We develop a systematic theory to reconstruct missing samples in a time series using a spatio-temporal memory. Towards this goal, a novel algorithm to estimate the Markov order of a given input sequence is proposed. The efficacy of the reconstruction technique is tested on synthetic and real data sets to validate the theory.
Several applications require classification of the data by prioritizing some of the input attributes. The basic SOM and its variants consider the entire input without any priority over the attributes. We propose an unsupervised learning algorithm called the priority based soft vector quantization feature map (PSVQFM) and an architecture that prioritizes attributes of the input data towards clustering. We also present an analysis on the misclassification error and prove that the proposed algorithm is asymptotically optimal. Though the PSVQFM is not directly linked to spatio-temporal memories, the proposed algorithm can be folded within a spatio-temporal memory architecture that incorporates priority based attributes within spatio-temporal sequences.

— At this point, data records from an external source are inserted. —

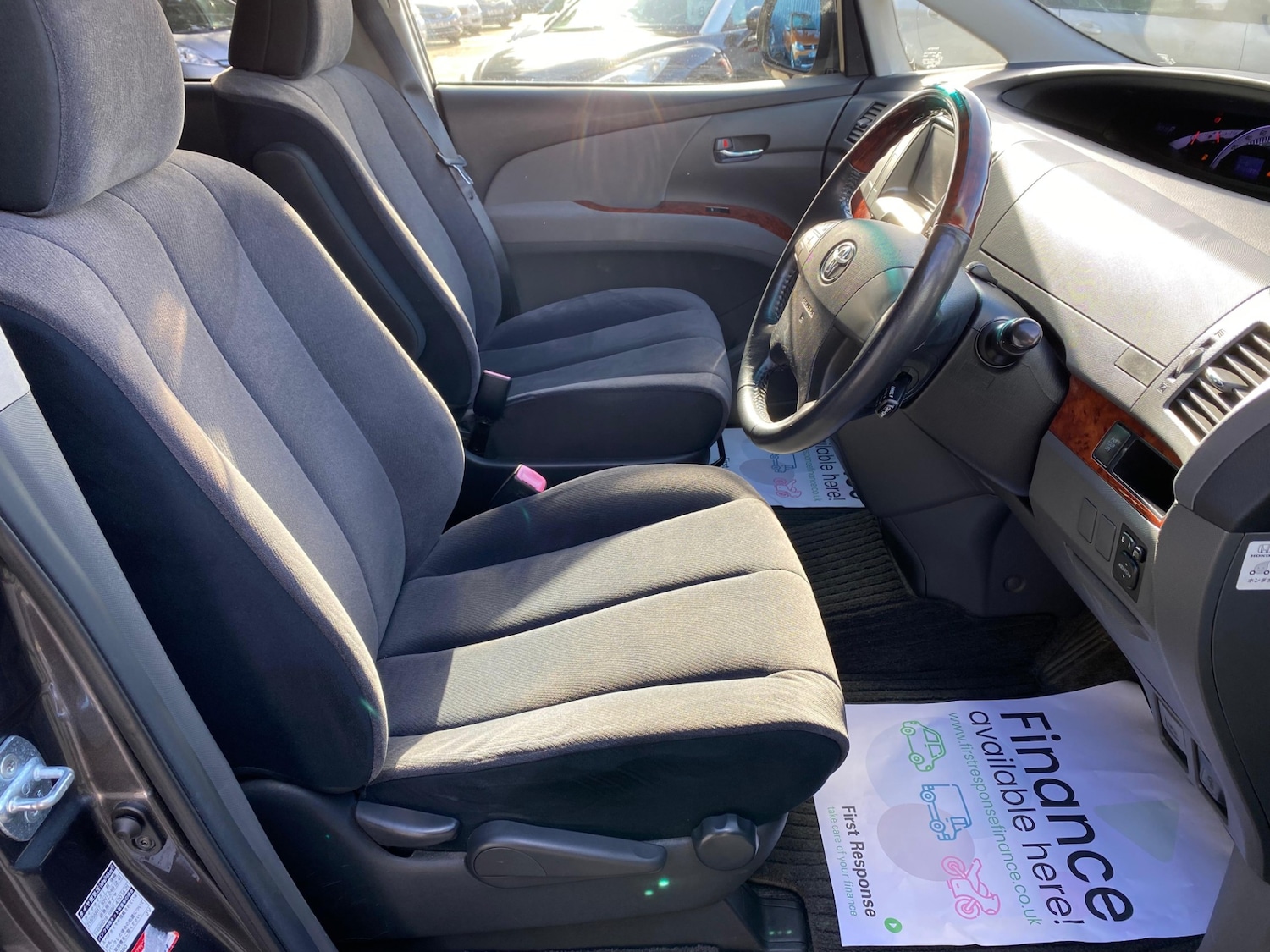 Used Toyota Estima 2010 for sale - 77898853: Photo 15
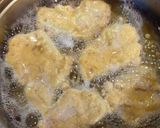 Tésztabundás karaj recept fázis 4 fotója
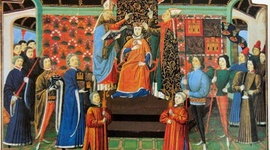 Timeline: Alta Edad Media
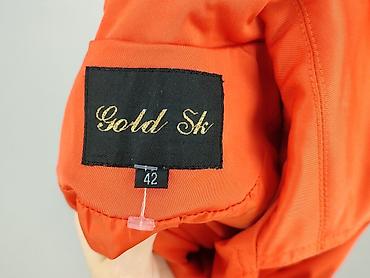 asos plaszcz: Gold SK, Trencz damski, rozmiar XL — 4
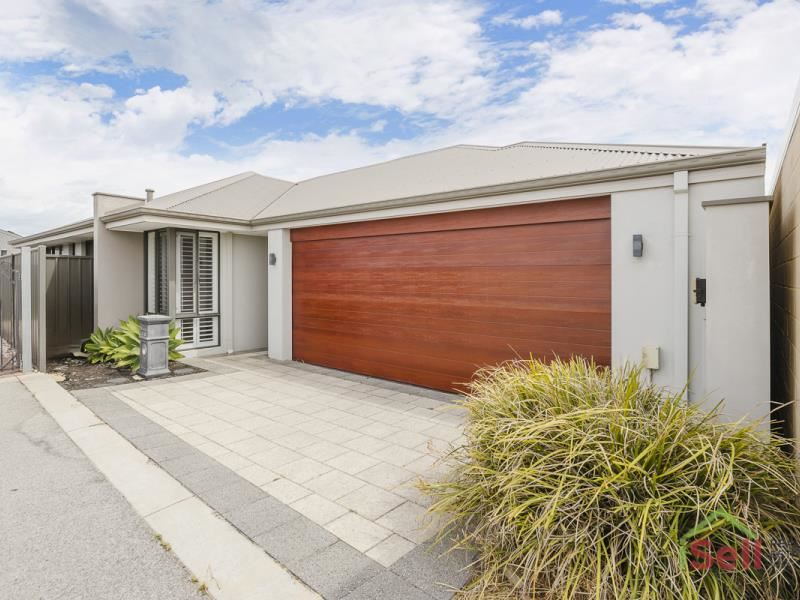 6/18 Mayali Bend Beach, Banksia Grove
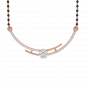 The See Saw Mangalsutra 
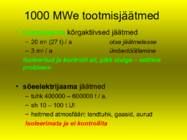 Elektrijaamad #30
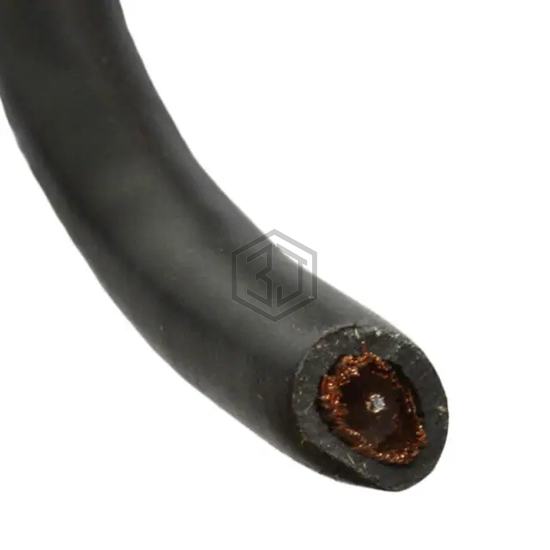 9062A BK021 - Alpha Wire - Coaxial Cables (RF)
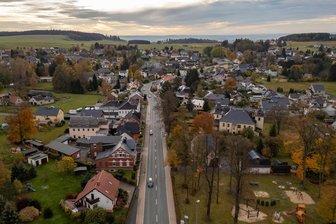 Vogtländer brauchen Ersatz: Kehrmaschine kehrt nicht mehr - Werda braucht für seine Straßen eine neue Kehrmaschine.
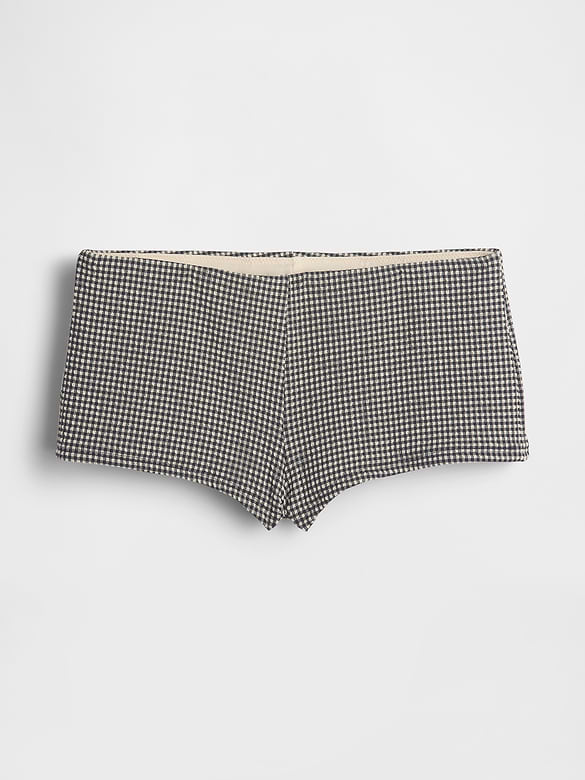 Hipster Swim Shorts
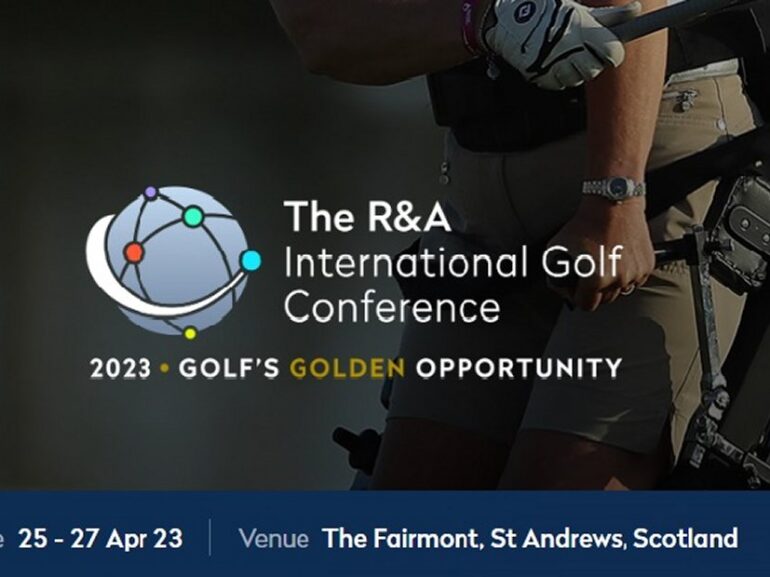 GOLF- SPORT ZA SVAKOGA!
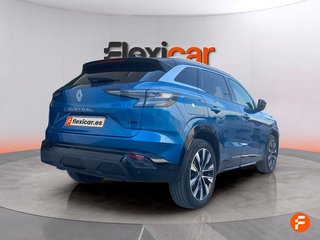 Renault Austral Techno E-Tech Full Hybrid 147kW (200CV)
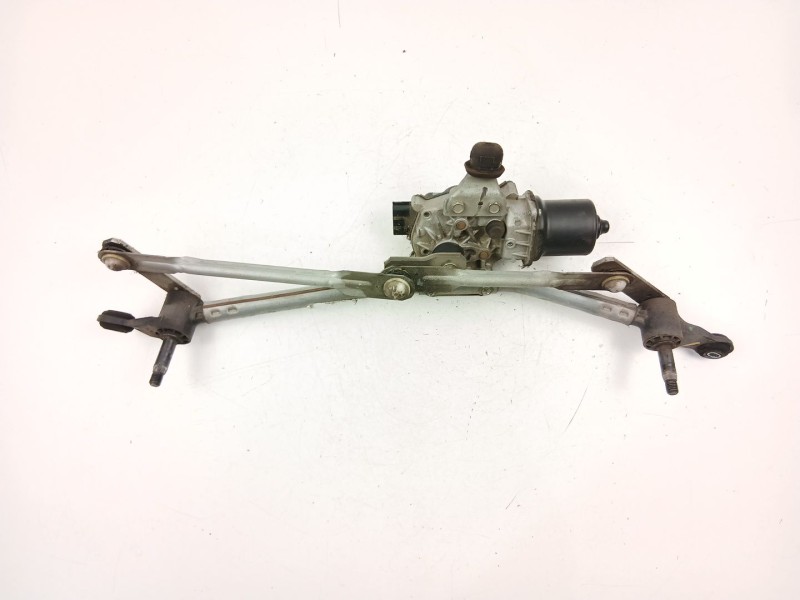 Recambio de motor limpia delantero para dacia lodgy (js_) 1.5 dci referencia OEM IAM 288004287R  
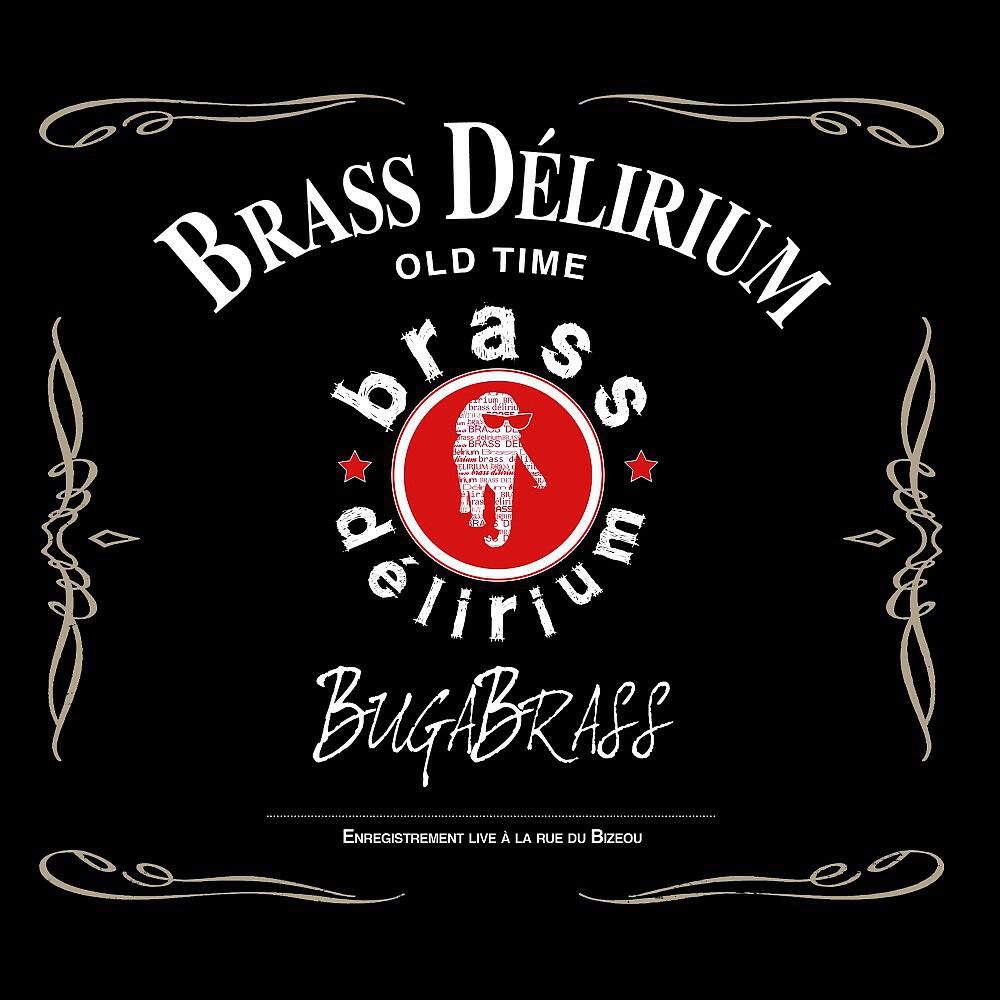 Brass Délirium - The Kids Arent Alright (Live)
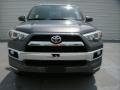 2014 Magnetic Gray Metallic Toyota 4Runner Limited  photo #8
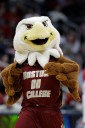 BC men’s basketball drops Charleston Classic opener to Davidson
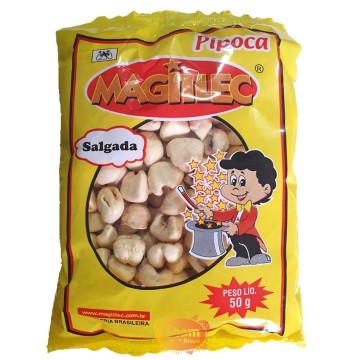 Palomita Salada "Magitlec" 50g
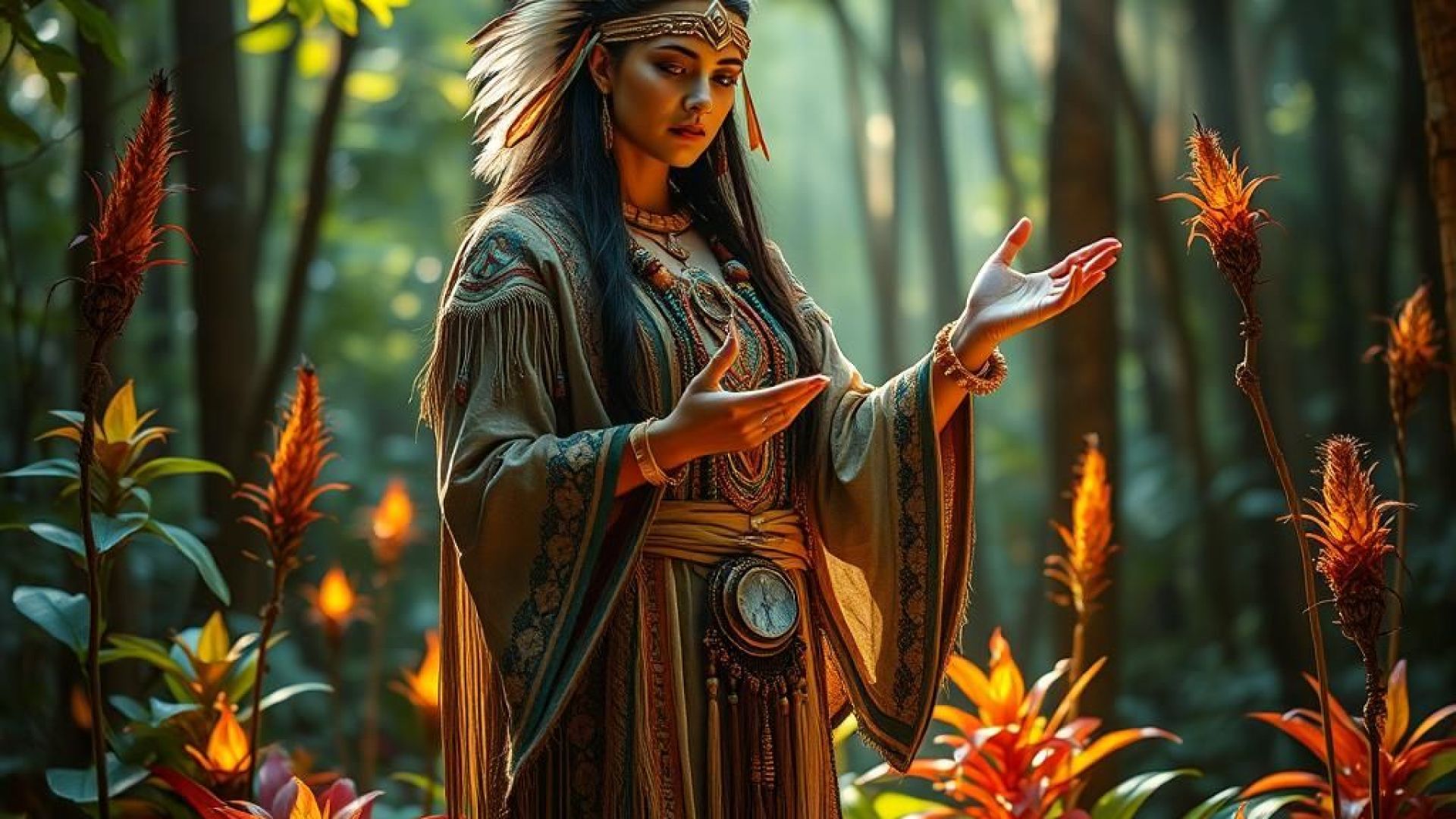 Numérologue et voyance  : profil 5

Learning rate is a crucial parameter governing the convergence rate of any learning algorithm. Most of the learning algorithms based on the stochastic gradient descent (SGD) method depend on heuristic choices of the learning rate. In this thesis, we derive improved bounds on the learning rate of SGD based adaptive learning algorithms by analyzing the largest eigenvalue of the Hessian matrix from first principles. This idea can be explored for both supervised and unsupervised learning algorithms based on SGD.
We have also contributed novel ideas and techniques for supervised learning algorithms, summarized below.
We proposed an artificial neural network (ANN) architecture based on the back-propagation algorithm that non-linearly transforms a given probability density function (pdf) into a desired pdf. We provide an estimate on the number of hidden neurons based on the input statistics. This approach is useful for density estimation problems.
The Hessian based bounds on learning rates for algorithms based on SGD and the supervised learning technique for pdf transformation are relegated to the Appendices to keep the flow of the thesis coherent.